Straßenausbau-Beitragssatzung: Heftiger Schlagabtausch während Podiumsdiskussion

tk. Buxtehude. Das Thema ist ein emotionaler Dauerbrenner in Buxtehude und Stade: Die Straßenausbau-Beitragssatzung. Während einer Podiumsdiskussion am vergangenen Dienstag im Buxtehuder Kulturforum, eingeladen hatte dazu das Aktionsbündnis, das die sofortige Abschaffung der Satzung fordert, prallten Welten aufeinander. Ratspolitiker und Verwaltung wurden vehement attackiert. Einigkeit bestand immerhin in einem Punkt: Die umstrittene Satzung wird in der Estestadt so vermutlich keinen Bestand haben.



Gäste auf dem Podium waren unter anderem Werner Eggers und Harald Beckmann vom bundesweit aktiven "Bündnis für soziale Kommunalabgaben". Sie kritisierten, dass Kommunen häufig aufwändiger sanieren als erforderlich. Beckmann plädierte außerdem dafür, dass Straßensanierungen von denen bezahlt werden, die die Straße nutzen - also von allen Autofahrern über die Kfz-Steuer.

Einigkeit herrschte zwischen Wolfgang Dietrich vom Mieterbund Buxtehude und Heinz-Henning Jürges vom Verein der Immoblienbesitzer "Haus & Grund": Die Sanierung kaputter Straßen sei Aufgabe der Kommunen. Hintergrund: Die Beiträge nach der Straßenausbau-Beitragssatzung können nicht auf Mieter direkt umgelegt werden, eine Erhöhung der Grundsteuer zur Finanzierung von Sanierungen wohl. Aktionssbündnis-Sprecherin Petra Kreizberg geht davon aus, dass Vermieter ihre Spielräume zur Mieterhöhung nutzen werden.
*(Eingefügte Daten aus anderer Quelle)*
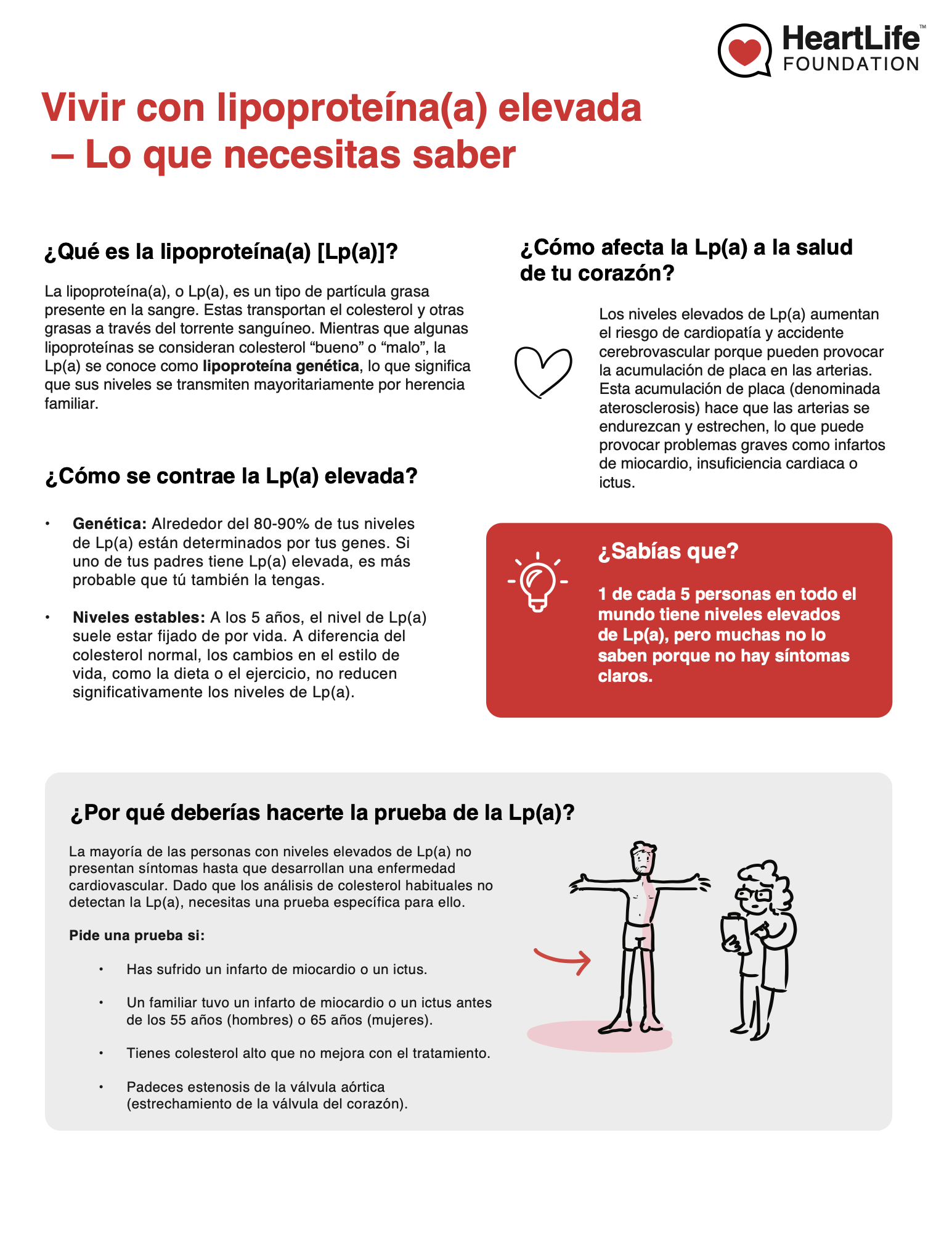 living-with-lipoprotein-lpa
Die Vertreter aller Parteien aus dem Buxtehuder Rat, die als Gäste der Podiumsdiskussion im Publikum saßen, machten deutlich, dass eine Abschaffung der Satzung zu einer Erhöhung der Grundsteuer führen werde. "Wir müssen das gegenfinanzieren", sagten Astrid Bade (SPD) und Arnhild Biesenbach (CDU). Alle Ratsmitglieder warben dafür, die politische Diskussion jetzt abzuwarten. Noch in diesem Jahr solle eine Entscheidung fallen.
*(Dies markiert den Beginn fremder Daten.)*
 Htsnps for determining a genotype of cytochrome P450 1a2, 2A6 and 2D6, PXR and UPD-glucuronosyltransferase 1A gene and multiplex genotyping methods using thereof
Zwischen Ratspolitikern und Zuhörern entwickelte sich ein verbaler Schlagabtausch, der teils unter die Gürtellinie ging. Dass einer der Anwesenden mit Bezug auf die Stadtverwaltung "lieber mit Handwerkern als mit monkeys (engl. für Affen) zusammenarbeiten wollte, war der Tiefpunkt der Auseinandersetzung. Arnhild Biesenbach erwiderte nicht minder emotional: "Wenn Ihnen das alles nicht passt, können Sie uns ja abwählen." Andere Gäste der Debatte setzten dagegen: "Wir wurden in den Ausschüssen von Politik und Verwaltung nach Gutsherren-Art abgekanzelt." Hintergrund des Vorwurfs waren die jüngsten Sanierungsmaßnahmen in Buxtehude.

Wie letztendlich eine Lösung aussehen könnte, steht derzeit noch nicht fest. Allerdings machten auch die Vertreter des "Bündnis für soziale Kommunalabgaben" deutlich, dass eine Steuererhöhung die mutmaßlich gerechteste Lösung sei. Das mache eine jährliche Mehrbelastung für Immobilienbesitzer bzw. Mieter von 80 bis 120 Euro aus, so Harald Beckmann, der die Zahlen aus seiner Heimat Barsinghausen parat hatte.